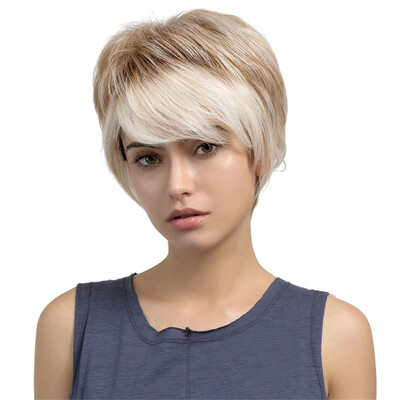 

〖Follure〗100 Real Remy Human Hair Topper Toupee Clip Hairpiece Lace Top Wig For Women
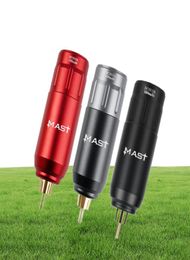 Mástil U1 Fuente de alimentación inalámbrica para tatuajes Batería de 1200 mAh Conexión RCA para máquina de pluma P1138093535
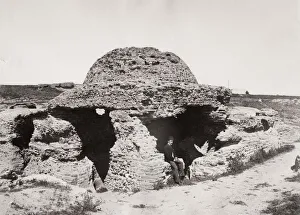 Entrance to the Cisterns of Malga, Carthage, Tunisia Entrance to the Cisterns of Malga, Carthage, Tunisia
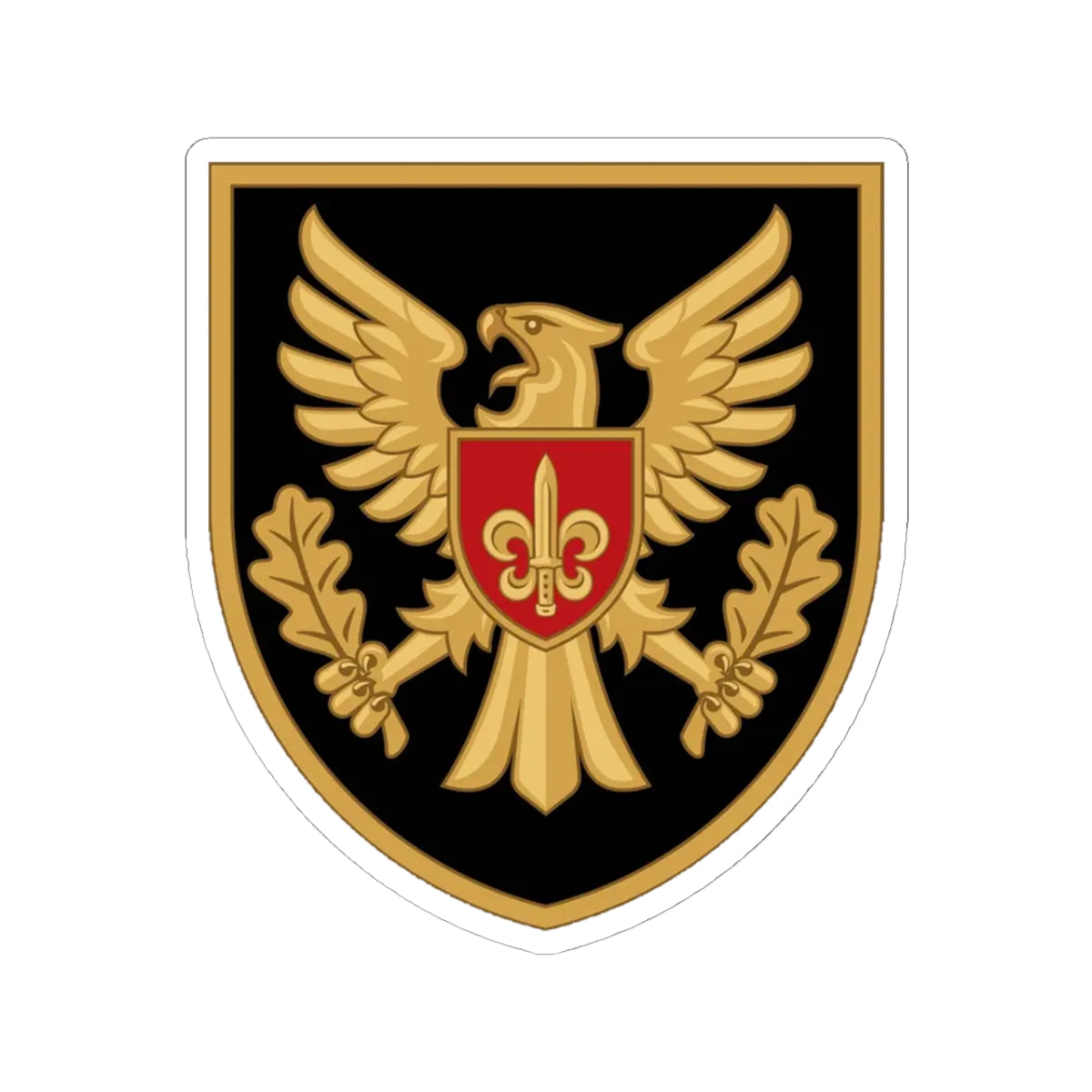 15th Artillery Reconnaissance Brigade (Ukraine) - 3" x 3" Kiss-Cut Sticker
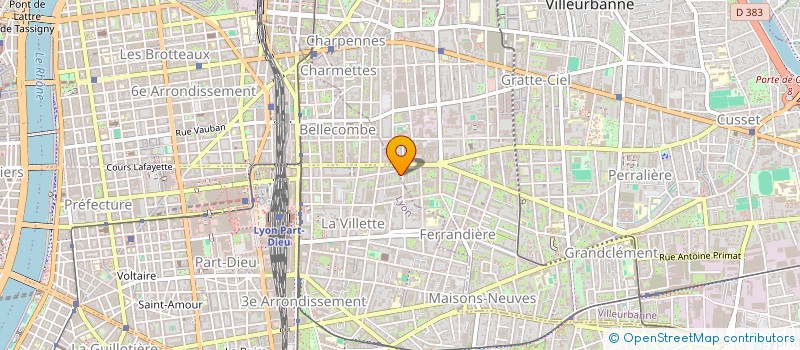 localisation de l'entreprise H D  VILLEURBANNE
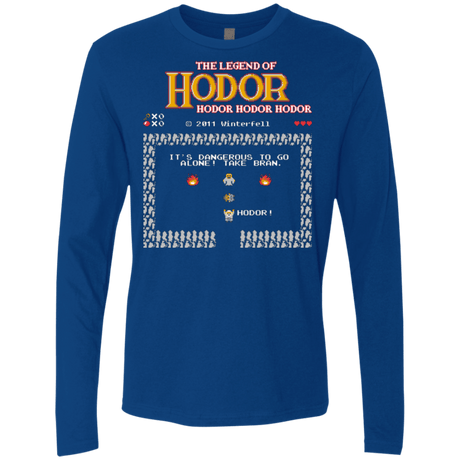 T-Shirts Royal / Small Legend of Hodor Men's Premium Long Sleeve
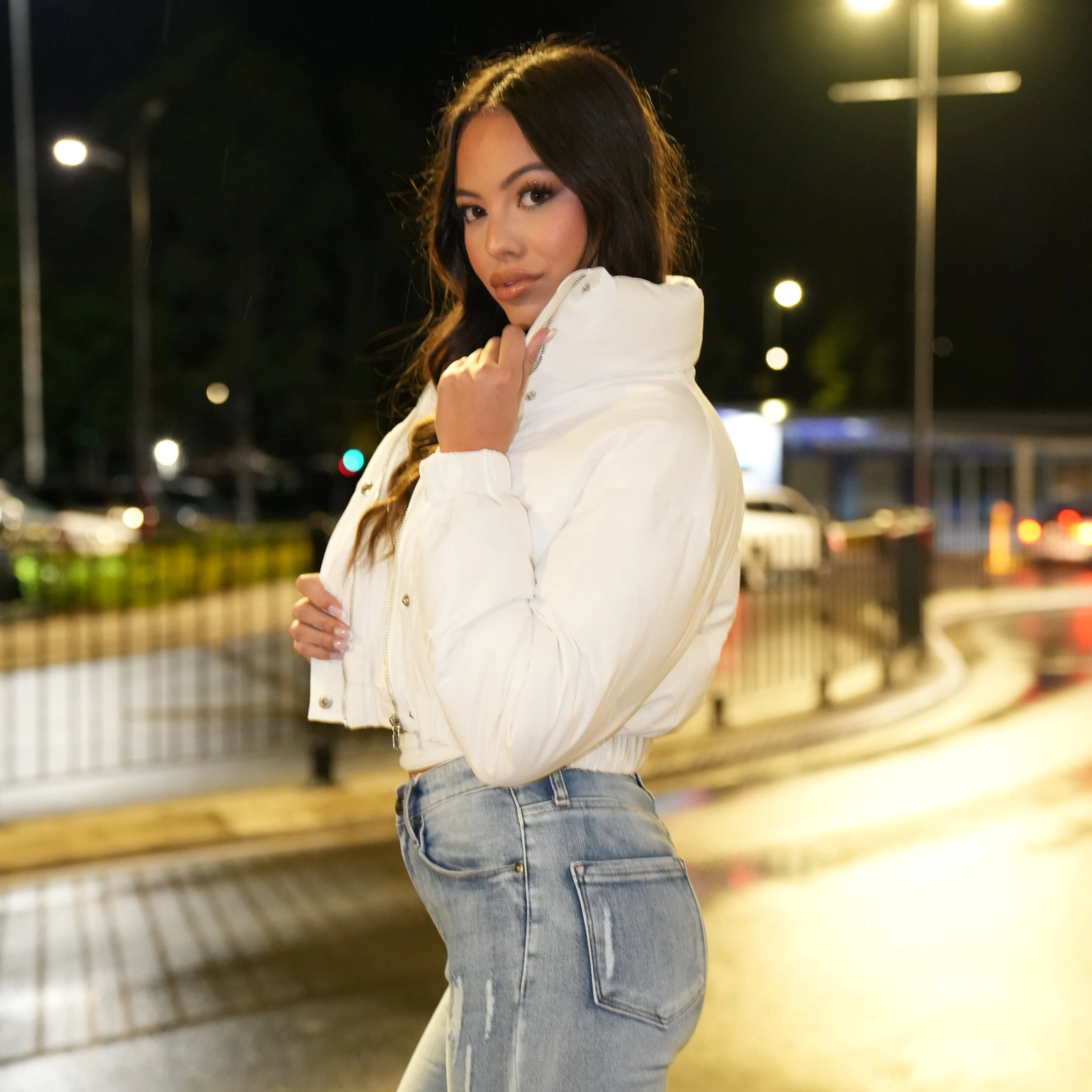 Monica Puffer Jacket - White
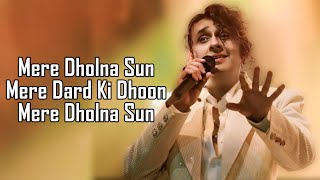 Mere Dholna 30 LYRICS  Bhool Bhulaiyaa 3  Kartik Aaryan  Sonu Nigam  Amaal Pritam Sameer [upl. by Yenmor]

+++++

Return, exactly and without extra lines, everything from the line with "Mástil U1 Fuente" through the last line of the material above, both included. Pictures must be dropped.

**Task solution:**
 Mástil U1 Fuente de alimentación inalámbrica para tatuajes Batería de 1200 mAh Conexión RCA para máquina de pluma P1138093535
 Entrance to the Cisterns of Malga, Carthage, Tunisia Entrance to the Cisterns of Malga, Carthage, Tunisia
 15th Artillery Reconnaissance Brigade (Ukraine) - 3" x 3" Kiss-Cut Sticker
 localisation de l'entreprise H D  VILLEURBANNE
 T-Shirts Royal / Small Legend of Hodor Men's Premium Long Sleeve
 Monica Puffer Jacket - White
 Mere Dholna 30 LYRICS  Bhool Bhulaiyaa 3  Kartik Aaryan  Sonu Nigam  Amaal Pritam Sameer [upl. by Yenmor]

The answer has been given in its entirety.